I believe I need to restructure or eliminate the story. This draft was a very rough way of putting my ideas to paper and consequently I am profoundly dissatisfied with the condition of the structure of the writing as I did not intend it to be so linear. In fact, I believe I need to rearrange it and spread the discrete poetry over the length of the paper so as to maximise the effect and keep a common thread as I cycle through different voices: as seen by the Platonist, the beginning of the rational, the psychologist, the continuation of the Platonist, and the individual, lost and in despair over the desire to express themselves in a society that frowns upon such demonstrations. But the irrational nature of the poetry is, from the Platonist perspective, a way of indulging in the appetitive aspect of a person’s soul rather than the rational aspect. In this way, the appetitive is equated to the irrational. This is the tying into Plato’s takedown of grief as he cites it in Homer’s “Iliad”, which is the connecting thread. Hence why the Platonist is very angry in his statement that such poetry does not belong in the kallipolis, Plato’s ideal city from The Republic (cited in Greek for further obscurity). Thus, it may behoove me to explain it further, but I am not so certain I want to make this such an obvious statement, for the thesis of the work is shrouded in indirection, for obvious reasons.

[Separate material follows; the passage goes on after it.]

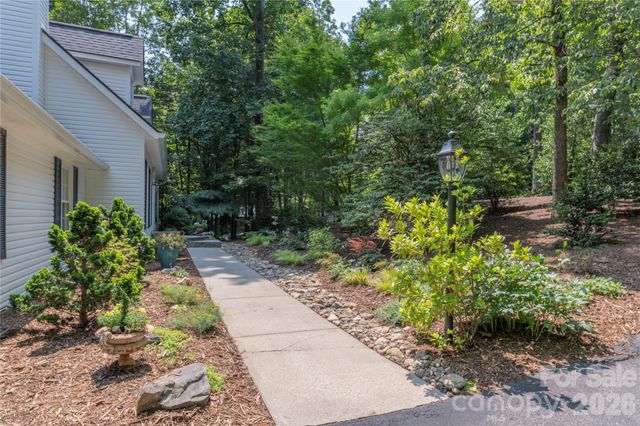 26 Moriah Lane, Asheville, NC 28803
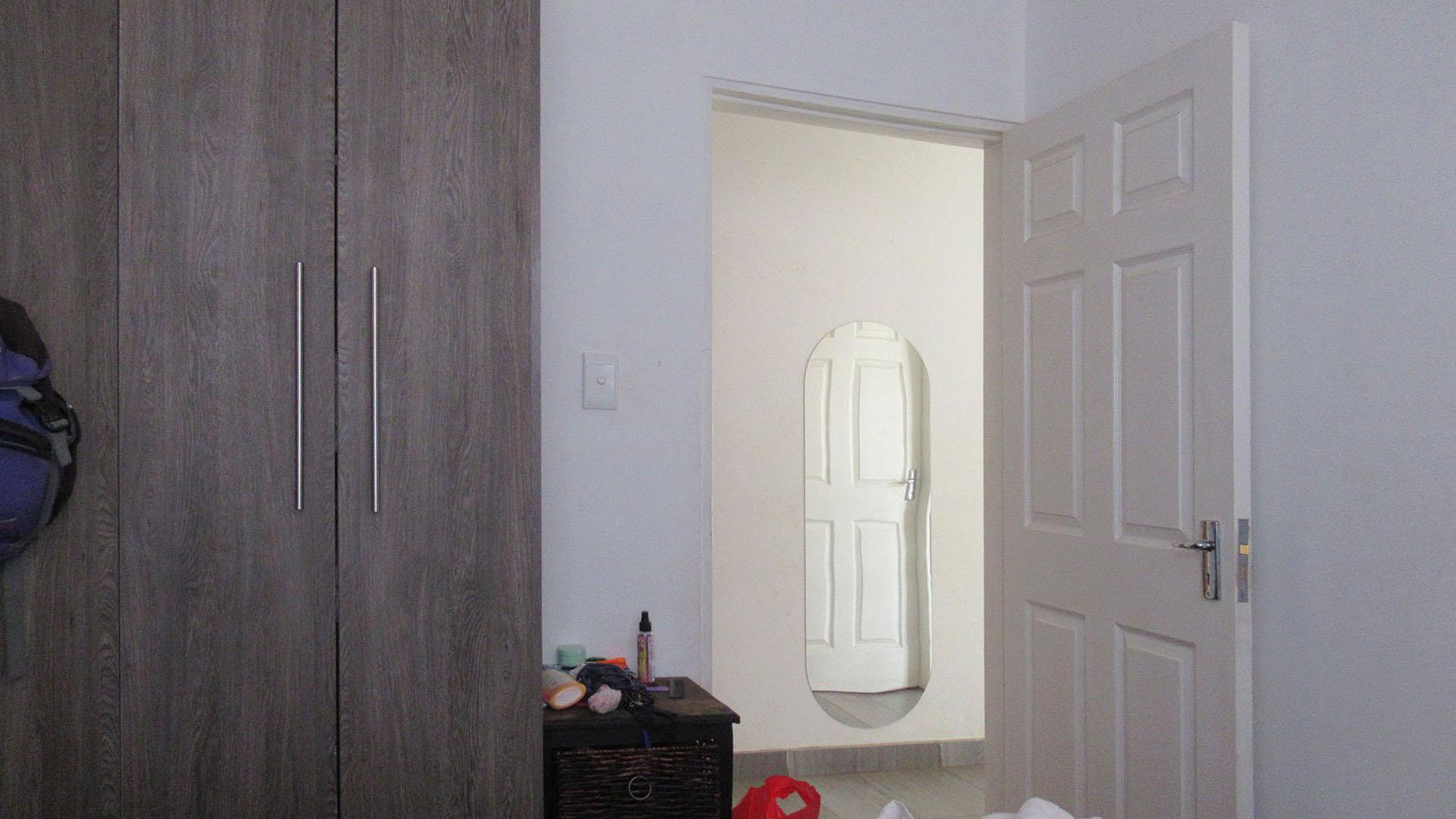 Bed Room 1 - 10 square meters of property in Azaadville Gardens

I may choose to write a different story in the place of the introductory one, but the shadow self, in its inception as a Jungian idea, is one meant to show the synthesis of the man in despair and conflict with the Platonist embrace of the rational while being pulled by the natural inclination to the absurd, or the irrational, represented by the dreadful poetry meant to be a transition between sections.
In such ways, I may want to elaborate further on what I’ve stated here, but I feel it would take away from the ultimate reason I have written this piece: the embrace of the absurd and the reader choosing to take what lessons they may choose to take from it. Thus, I do not want such clarity as I have been sneaking toward, at least in the non-Platonist and psychological sections as they are meant to be intelligible to the reader, though they may not be if I choose a twist of irony to make what is familiar unfamiliar. I haven’t decided as I’m not so sure I wish to save the story from itself and may want a different one that is better written, though the consequence is this structure completely departs from the structure provided, I believe out of necessity.